• Listed records:
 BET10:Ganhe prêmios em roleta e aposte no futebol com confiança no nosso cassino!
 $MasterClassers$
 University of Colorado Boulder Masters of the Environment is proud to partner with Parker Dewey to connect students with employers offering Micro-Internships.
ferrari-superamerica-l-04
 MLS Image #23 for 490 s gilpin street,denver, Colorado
...
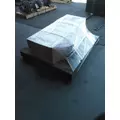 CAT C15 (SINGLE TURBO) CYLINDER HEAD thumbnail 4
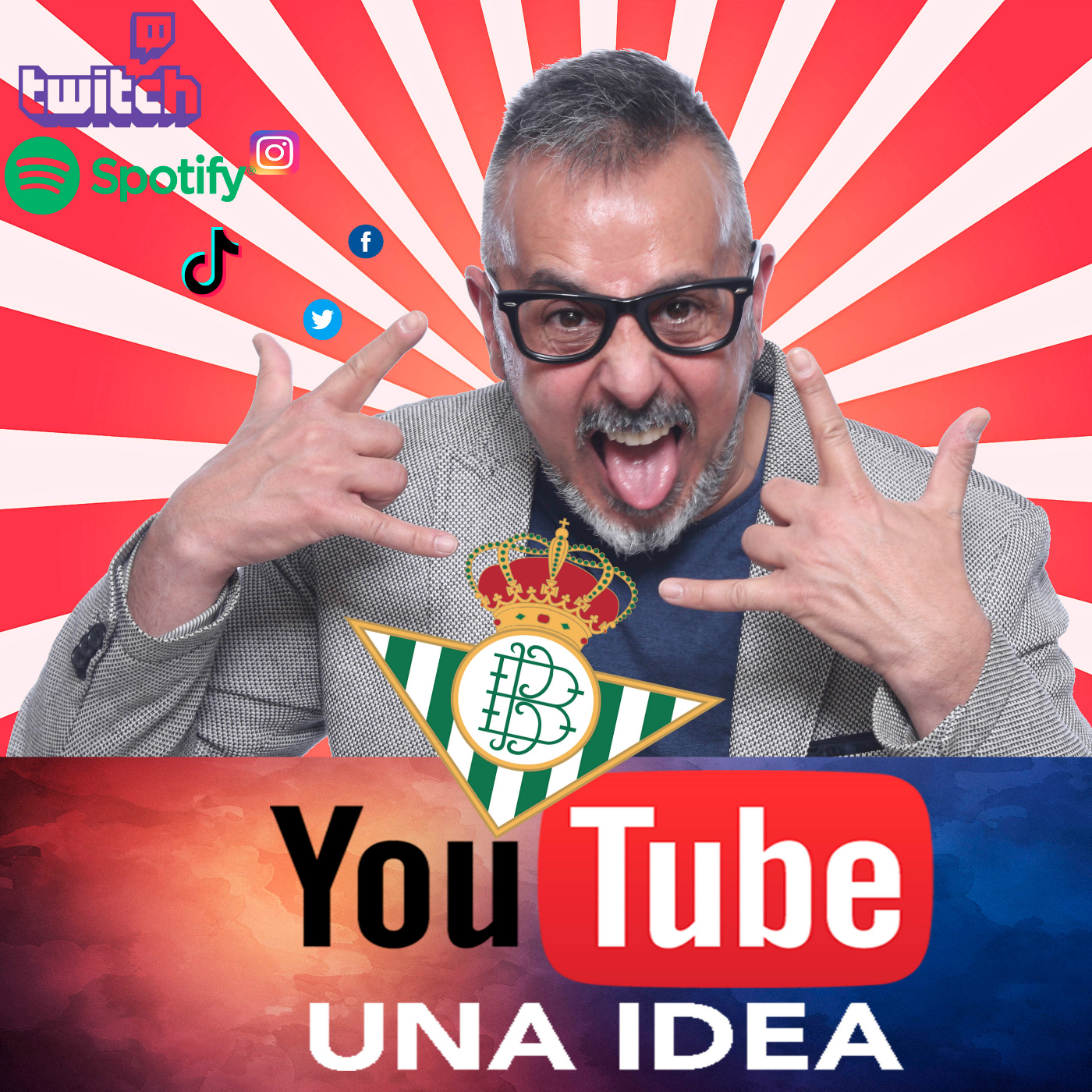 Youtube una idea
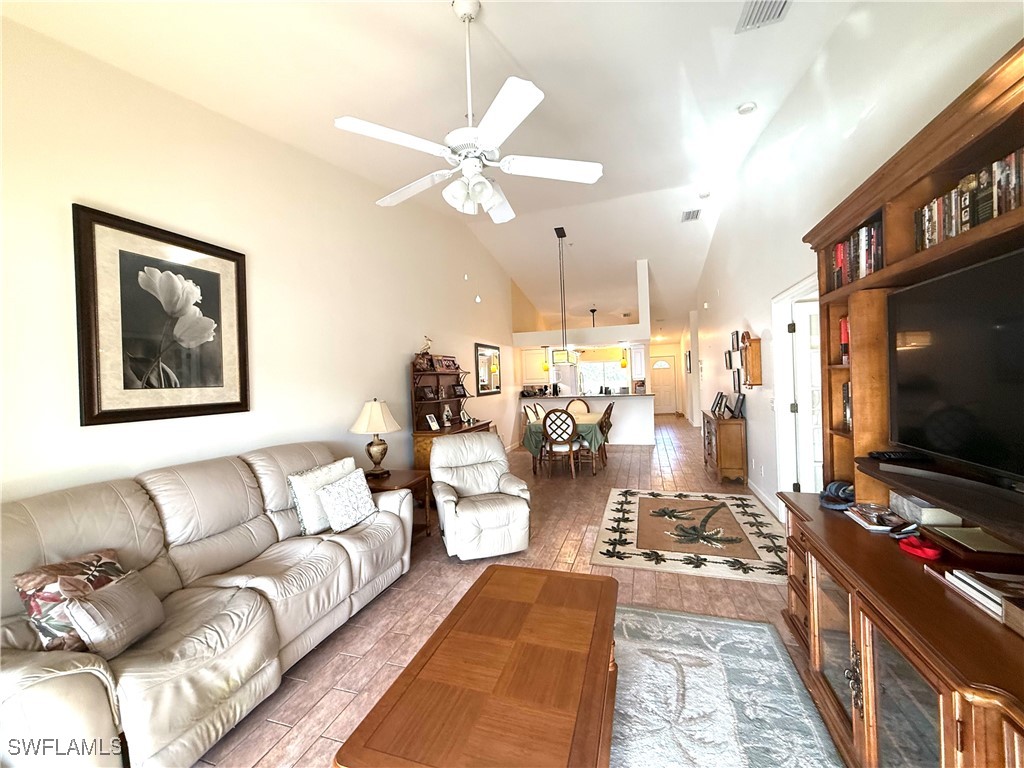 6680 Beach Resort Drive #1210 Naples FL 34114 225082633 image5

• Aim of the task: Among the lines of the data above, count those containing the word "Colorado" and report the total alone.

• Answer below: 2